***** Dataset section

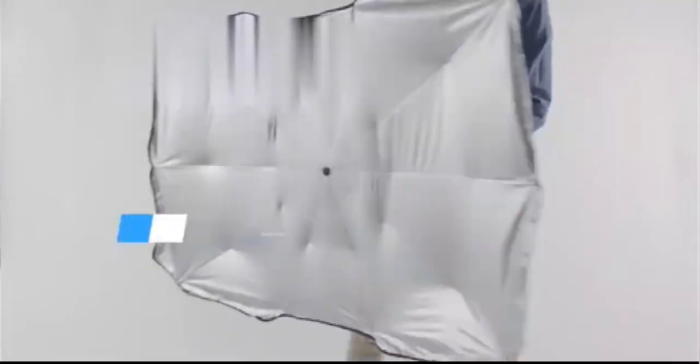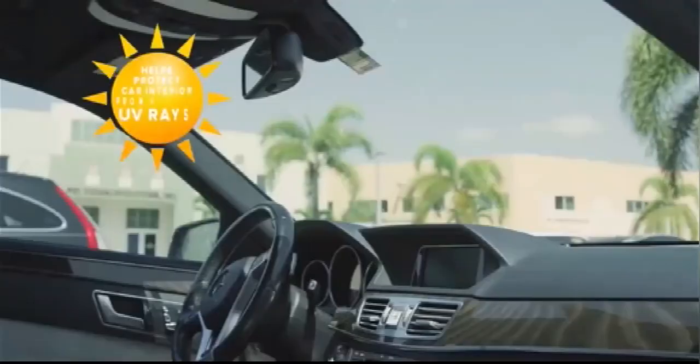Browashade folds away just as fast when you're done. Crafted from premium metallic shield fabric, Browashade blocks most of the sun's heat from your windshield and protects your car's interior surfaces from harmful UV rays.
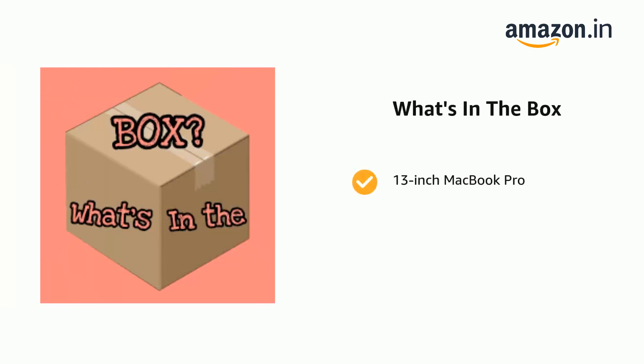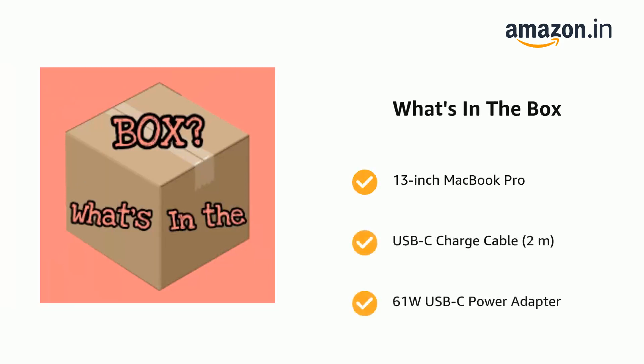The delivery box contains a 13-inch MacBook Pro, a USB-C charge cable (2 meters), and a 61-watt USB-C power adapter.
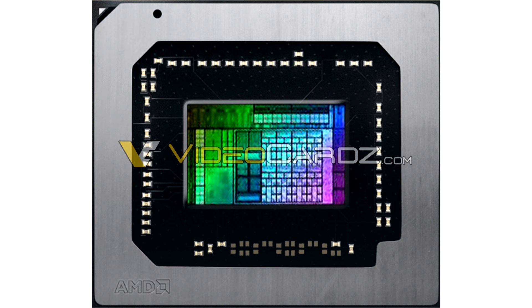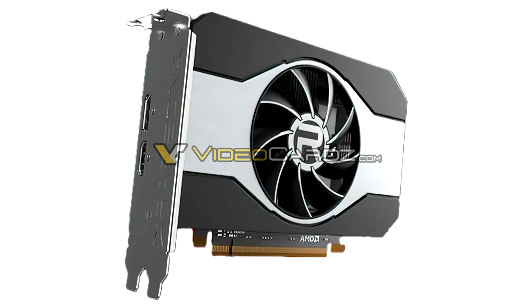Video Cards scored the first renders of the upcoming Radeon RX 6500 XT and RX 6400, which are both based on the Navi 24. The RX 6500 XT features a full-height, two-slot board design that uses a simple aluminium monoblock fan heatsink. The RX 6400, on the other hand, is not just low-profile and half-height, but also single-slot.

**********

● What you are asked to do
Output all of the data exactly as it stands, minus any images.

● Task answer
Browashade folds away just as fast when you're done. Crafted from premium metallic shield fabric, Browashade blocks most of the sun's heat from your windshield and protects your car's interior surfaces from harmful UV rays.
The delivery box contains a 13-inch MacBook Pro, a USB-C charge cable (2 meters), and a 61-watt USB-C power adapter.
Video Cards scored the first renders of the upcoming Radeon RX 6500 XT and RX 6400, which are both based on the Navi 24. The RX 6500 XT features a full-height, two-slot board design that uses a simple aluminium monoblock fan heatsink. The RX 6400, on the other hand, is not just low-profile and half-height, but also single-slot.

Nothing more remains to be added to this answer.